Stored items
-=-=-=-=-
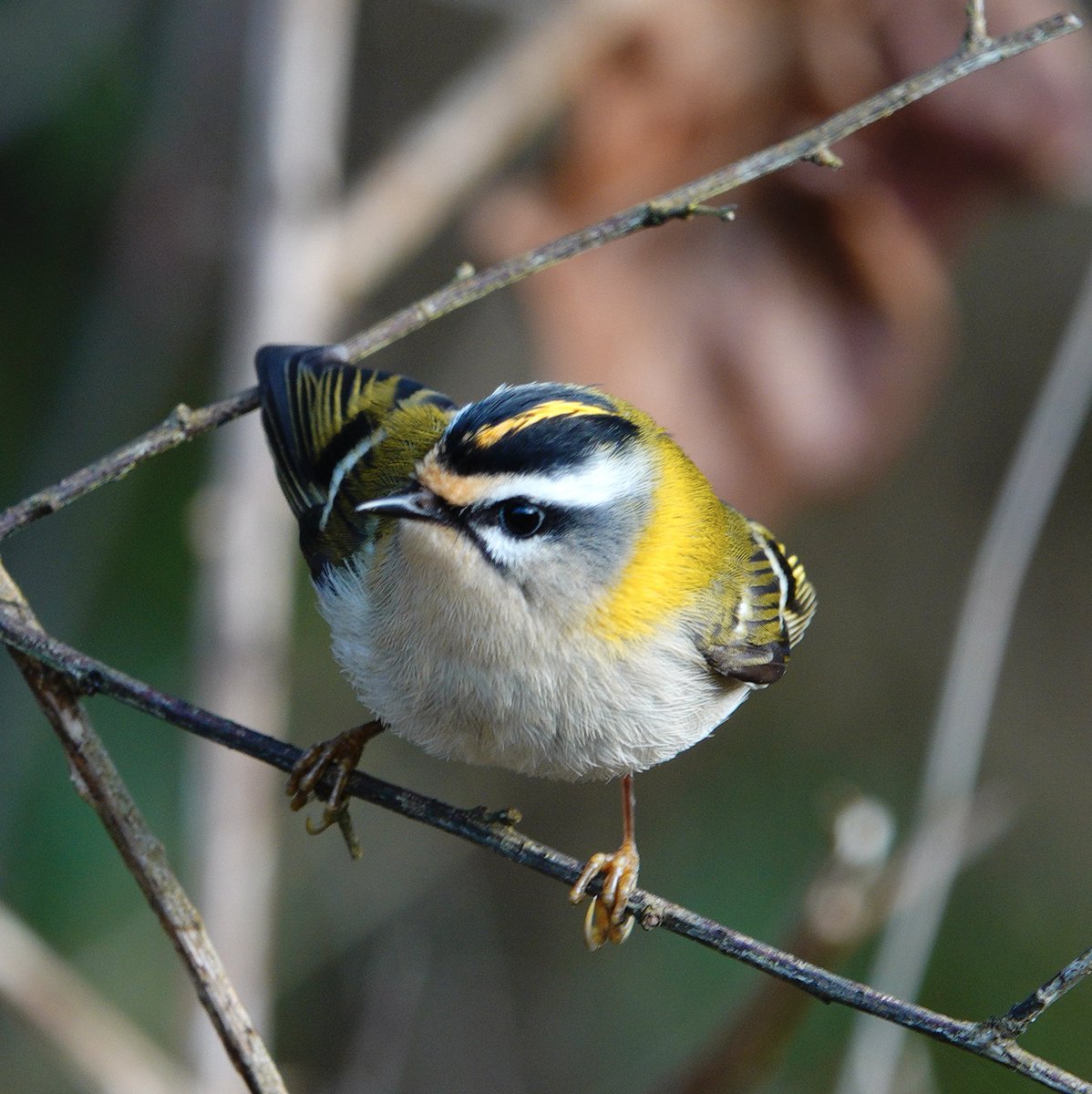 lyn lambert💙💛🇺🇦 tweet media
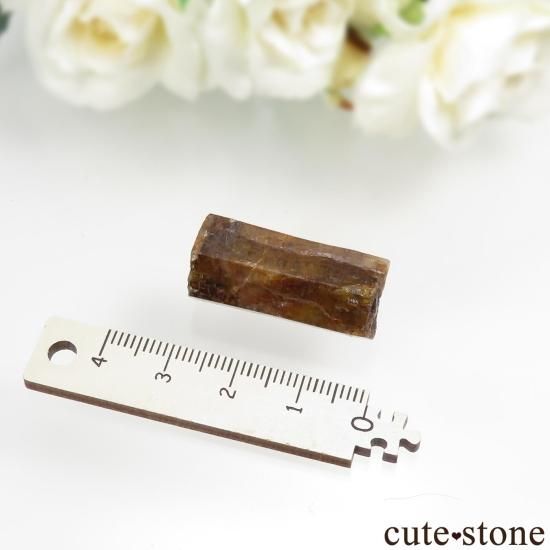 ѥ Shigar θ No.1μ̿1 cute stone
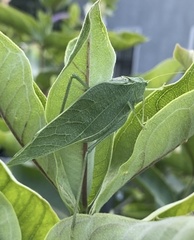 Microcentrum rhombifolium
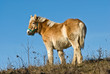cheval 3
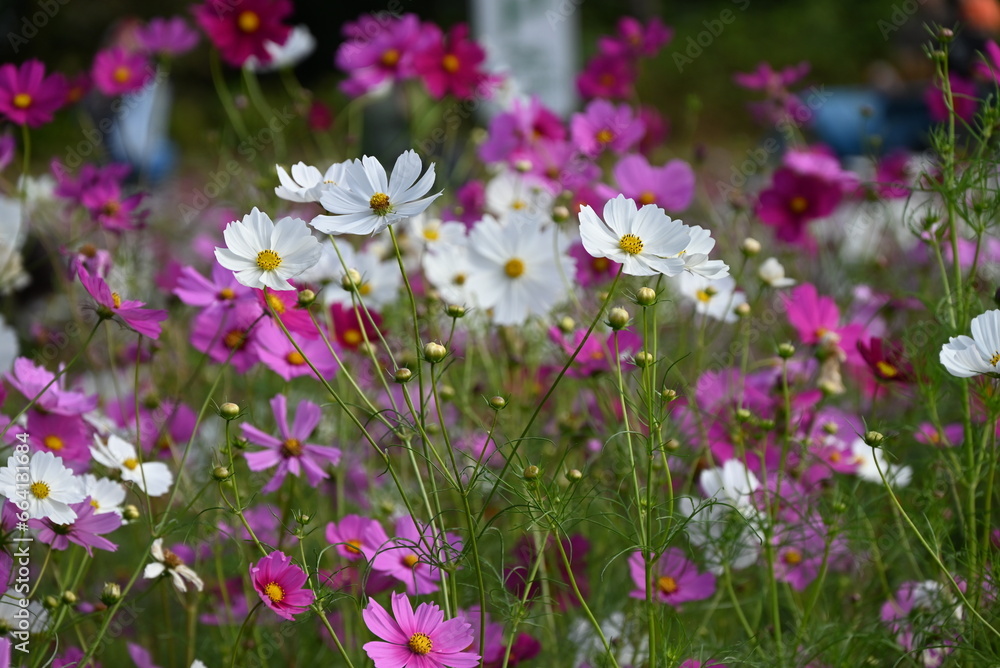 Cosmos flowers. Seasonal flower background material.  Asteraceae annual plants native to tropical America.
-=-=-=-=-
:: Exercise ::
All of the data should be returned word for word, with each picture left out.

:: Solution to this task ::
 lyn lambert💙💛🇺🇦 tweet media
 ѥ Shigar θ No.1μ̿1 cute stone
 Microcentrum rhombifolium
cheval 3
 Cosmos flowers. Seasonal flower background material.  Asteraceae annual plants native to tropical America.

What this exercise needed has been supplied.